Greens founder Bob Brown has handed back his life membership of the Australian Conservation Foundation, accusing the premier environment lobby of undermining the planet’s future by calling on the minor party to back the Albanese government’s signature climate reform.
In a move reminiscent of the highly charged 2009 debate over the carbon pollution reduction scheme the so-called father of the Greens on Wednesday attacked the organisation as a “Labor-backed lobby” that had vilified the party’s “honourable position” of demanding a ban on new coal and gas projects.
Greens leader Adam Bandt has demanded the federal government veto any new coal or gas projects in return for his party’s Senate support for the safeguard mechanism, which will impose pollution limits on the nation’s 215 biggest carbon emitters.
But Climate Change and Energy Minister Chris Bowen rounded on the Greens on Tuesday, seizing on a new report by the International Panel on Climate Change to accuse the party of causing Australia’s carbon footprint to blow out by 20 per cent if it blocked the bill.
“The parliament can seize this opportunity or squander this opportunity,” he told parliament on Tuesday, arguing forecast emissions reductions would be significantly lower if his reform was blocked.
“This [UN] report makes it clear we have agency and urgency. Agency because it is not too late to hold the world as close as possible to 1.5 degrees, but urgency because we must move now.”
Following Bowen’s statement the Australian Conversation Foundation’s chief executive, Kelly O’Shanassy, said the bill should be approved as soon as possible, even without a guarantee that new fossil fuel projects will be blocked.
“The safeguard mechanism is a start, not an end, to climate policy in Australia – it covers just 28 per cent of Australia’s domestic emissions but the volume of emissions in the coal and gas Australia exports is far, far greater,” O’Shanassy said.
Brown, who led the 1983 blockade of the Franklin River dam, one of Australia’s highest profile environmental protests, was the first leader of the federal Greens and in 2009 led the Greens to veto the Rudd government’s emissions trading scheme saying it did not do enough to combat climate change. The Gillard government imposed a price on carbon in 2012, which was repealed by the Abbott government in 2014.

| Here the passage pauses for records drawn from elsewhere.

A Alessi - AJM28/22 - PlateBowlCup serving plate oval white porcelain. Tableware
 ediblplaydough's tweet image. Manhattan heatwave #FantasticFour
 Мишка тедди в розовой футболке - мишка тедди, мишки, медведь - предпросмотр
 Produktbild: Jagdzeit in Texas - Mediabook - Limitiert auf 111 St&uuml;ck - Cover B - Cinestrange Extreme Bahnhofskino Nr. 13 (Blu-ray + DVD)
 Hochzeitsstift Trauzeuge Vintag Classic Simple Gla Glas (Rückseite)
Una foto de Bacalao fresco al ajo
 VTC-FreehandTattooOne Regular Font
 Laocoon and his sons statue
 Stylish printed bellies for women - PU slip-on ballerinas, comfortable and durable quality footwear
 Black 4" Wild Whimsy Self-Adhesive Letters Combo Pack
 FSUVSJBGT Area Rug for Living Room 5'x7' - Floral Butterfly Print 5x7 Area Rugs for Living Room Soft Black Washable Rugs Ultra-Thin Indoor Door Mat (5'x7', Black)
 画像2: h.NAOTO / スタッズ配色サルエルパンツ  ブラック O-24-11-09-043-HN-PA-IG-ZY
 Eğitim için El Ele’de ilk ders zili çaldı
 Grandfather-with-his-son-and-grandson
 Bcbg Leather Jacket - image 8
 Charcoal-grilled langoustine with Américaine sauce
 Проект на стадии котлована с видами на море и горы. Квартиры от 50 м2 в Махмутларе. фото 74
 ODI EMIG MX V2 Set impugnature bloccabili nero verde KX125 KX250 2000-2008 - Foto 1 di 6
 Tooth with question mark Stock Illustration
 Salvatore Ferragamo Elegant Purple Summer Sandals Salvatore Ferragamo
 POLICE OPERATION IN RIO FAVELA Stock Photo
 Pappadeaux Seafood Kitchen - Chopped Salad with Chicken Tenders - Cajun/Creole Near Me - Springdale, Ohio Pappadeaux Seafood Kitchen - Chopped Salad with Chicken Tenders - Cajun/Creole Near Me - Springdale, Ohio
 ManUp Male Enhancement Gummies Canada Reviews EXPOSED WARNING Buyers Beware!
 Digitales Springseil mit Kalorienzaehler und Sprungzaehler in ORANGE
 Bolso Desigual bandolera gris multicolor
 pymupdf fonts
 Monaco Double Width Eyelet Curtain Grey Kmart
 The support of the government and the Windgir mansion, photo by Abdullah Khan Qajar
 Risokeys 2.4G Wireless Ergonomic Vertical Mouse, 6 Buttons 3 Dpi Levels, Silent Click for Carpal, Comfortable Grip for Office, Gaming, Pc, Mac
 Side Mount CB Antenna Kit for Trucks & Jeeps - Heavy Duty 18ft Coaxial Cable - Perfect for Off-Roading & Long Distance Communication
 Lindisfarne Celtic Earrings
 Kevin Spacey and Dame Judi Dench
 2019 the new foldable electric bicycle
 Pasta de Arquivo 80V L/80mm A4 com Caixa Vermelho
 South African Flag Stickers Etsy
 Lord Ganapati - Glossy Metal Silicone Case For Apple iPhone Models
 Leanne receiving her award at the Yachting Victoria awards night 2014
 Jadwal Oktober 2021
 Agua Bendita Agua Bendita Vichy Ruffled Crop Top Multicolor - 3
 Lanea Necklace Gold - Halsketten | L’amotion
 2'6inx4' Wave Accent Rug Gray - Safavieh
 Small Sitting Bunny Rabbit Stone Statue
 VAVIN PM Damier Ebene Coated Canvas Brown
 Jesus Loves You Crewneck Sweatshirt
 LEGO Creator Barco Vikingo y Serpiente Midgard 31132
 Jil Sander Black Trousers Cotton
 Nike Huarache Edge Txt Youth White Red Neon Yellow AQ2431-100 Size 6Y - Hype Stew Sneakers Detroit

The decision to block the 2009 scheme has since dogged the Greens who have been accused by the Labor Party and some scientists of allowing the perfect to be the enemy of the good.
Brown said the United Nations’ report was a “clear call” to end coal and gas and the foundation was a “Labor-backed lobby”.
“Like the United Nations and global scientific opinion, Adam Bandt’s Greens are calling on the Australian government to allow no new coal mines or gas fracking,” Brown said in comments posted to his website on Wednesday.
“That’s the Greens’ honourable position. I cannot remain part of the undermining of that stand for the future of Australia and the planet.”
The safeguard mechanism is designed to impose, for the first time, binding caps on Australia’s 215 biggest polluters – including mines, factories, smelters and processors – to force them to reduce their carbon footprint by a cumulative 205 million tonnes by the end of the decade.
This would deliver one-third of the cuts needed to achieve Australia’s legally binding climate target to reduce emissions by 43 per cent on 2005 levels by 2030.
Bandt said Brown was one of his heroes who had helped to deliver the Gillard government’s carbon tax.
“I always listen very carefully to what he says,” he said.
On Wednesday, Bandt raised the prospect of a deal to deliver the federal government’s signature climate policy following Climate Change and Energy Minister Chris Bowen’s accusation that failure to legislate the reform will blow Australia’s emissions budget.
“We are prepared to look at proposals in good faith to find a way through this … in this parliament where power is shared everyone is going to need to shift a bit,” Bandt told ABC radio on Wednesday morning.
The Greens leader has said his call to end fossil fuel development was “an offer, not an ultimatum” but has also insisted the minor party’s crucial votes in the Senate are contingent on a federal government commitment to veto any new coal and gas proposals.